中澤:そうですね。実は後から聞いたんですが、その方も私が最初に行ったもみじ市に遊びに来ていたのだとか。なんだか縁を感じますよね。そういえば、クラフトイベントに出るきっかけを作ってくれた友人との最初の出会いもまたもみじ市でした。
ーーーそうだったんですね! もみじ市のご縁、嬉しいです。柿渋のブローチは、始めの頃から動物をモチーフに作られていたんですか?
中澤:はい。子供の頃から植物も含めて生き物が好きなので、最初から動物をモチーフにしています。柿渋を使う前もスエードとか、革の生地を使って鳥のブローチを作っていました。その頃は今みたいにニワトリとか実在の鳥ではなくて、架空の鳥。種類を増やしていく中で、他の動物もたくさん作るようになっていったんです。
人の心をくすぐるものをつくりたい
ーーーナカキョウさんの動物のモチーフは、思わずニヤリとしてしまうような表情が素敵ですよね。
中澤:動物の表情に直接つながるのか意識はしていないんですけど、作家になる前、趣味でブローチを人にあげたりしていた時に、「相手をニヤリとさせてやろう」みたいなことをよく思っていました。クラフトイベントに出てお金をもらうようになっても、お客さんが手にとってニヤリとしてくれたらいいなって。そういう思いは、作るもの全部に共通してあるように感じています。自分で作っていて楽しい、というのはもちろんですが、それを手にした人を想像することにも、面白さを感じているのかもしれません。
ーーー動物たちはどこか物語をも感じさせますよね。
中澤:ブローチを作っている時はあまり強くは意識していないんですが、台紙を作る時、例えばシロクマのブローチができたら、なんとなくその背景を想像するんです。動物園にいるのか、北極にいるのか……とか。作っている間は無意識下にあるものが、台紙を作る時に、だんだんクリアになっていく気がします。

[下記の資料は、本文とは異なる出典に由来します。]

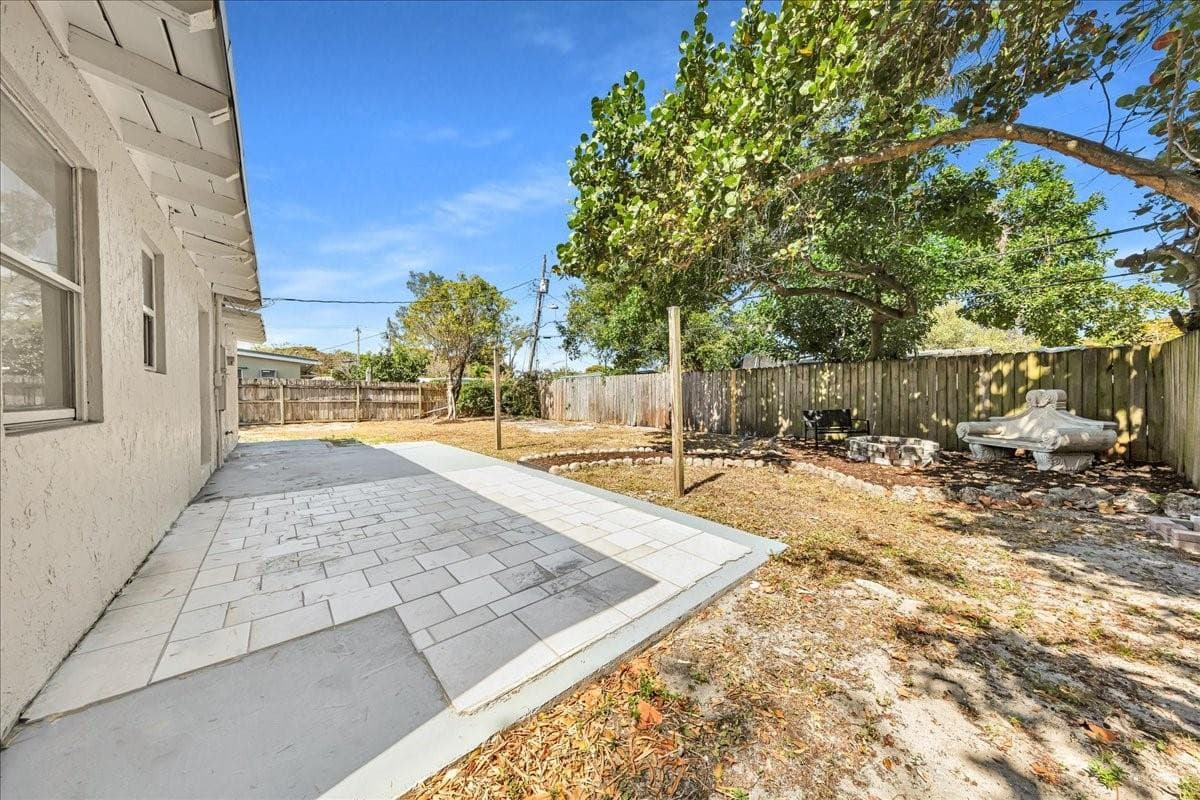 305 NE 8th Street, Pompano Beach, FL 33060 — photo 36 of 39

ーーー台紙はどういった風にデザインされているんですか?
中澤:まず、ブローチを先にまとめて作っています。工程が決まっているのでいくつものモチーフを同時に作っていくんです。そしてブローチが出来上がってから、それに合わせてどんな台紙にしようかと考えます。すぐ思いつく時もあるんですけど、なかなか浮かばない時もあって……。ものすごく時間がかかってしまうこともあります。台紙を作りはじめた最初の頃は、「ブローチが主役だから」と、シンプルなボーダーとか水玉とかだったんですけど(笑)。いまは、ひとつひとつ変えています。お客さんが楽しんでくれるのではないかと思うと、やめられなくなってしまいました。例えば「身につけるのではなくて飾って楽しみたい」とか、そういう方にも楽しんでもらえたらと思っています。
ーーー台紙を含めて1つの作品なんですね。ブローチの完成するまでの工程を教えていただけますか?
中澤:日常的に作りたいものが浮かぶこともあるし、イベントに出店する時に、そのイベントに合わせて考えることもあります。夏のイベントだから夏らしいモチーフを出そう、って考えてみたり。作りたいモチーフが浮かんだ後は、それに関する資料を集めます。リアルな動物の図鑑や写真を集めて、そこからスケッチをしてブローチのデザインを決めます。形が決まったらいよいよ制作。型紙をとって裁断をしたら、メインとなる目などの細かい刺繍のステッチを入れます。そして最後に縁をまつり縫いして、ブローチピンをつけたらブローチは完成。そこから台紙を考えます。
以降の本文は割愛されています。